[Short descriptive text snippets]
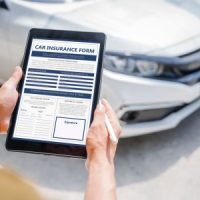 CarAccidentClaim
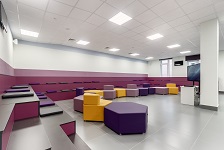 51 - bySlyusarenko-9648.jpg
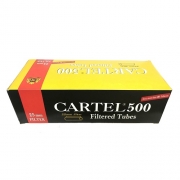 ������ ��� ������� Cartel (25 mm Filter)  - 500 ��.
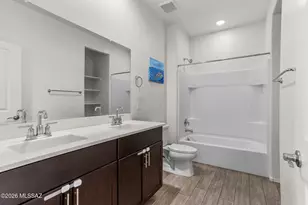 14070 E Red Pine Pl, Vail, AZ 85641 - Photo 20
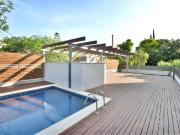 Piso en venta en paseo Del Taulat, Barcelona, de 61 m² 2...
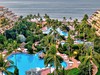 Velas Vallarta Resort - obrázek č. 2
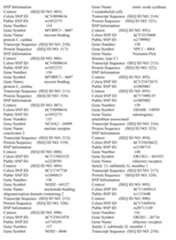 Figure imgf000161_0001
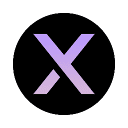 Logo of agentx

**WORK ITEM**
Type the entries above out again exactly, with no pictures.

**SOLUTION TO THE EXERCISE**
 CarAccidentClaim
 51 - bySlyusarenko-9648.jpg
 ������ ��� ������� Cartel (25 mm Filter)  - 500 ��.
 14070 E Red Pine Pl, Vail, AZ 85641 - Photo 20
 Piso en venta en paseo Del Taulat, Barcelona, de 61 m² 2...
 Velas Vallarta Resort - obrázek č. 2
 Figure imgf000161_0001
 Logo of agentx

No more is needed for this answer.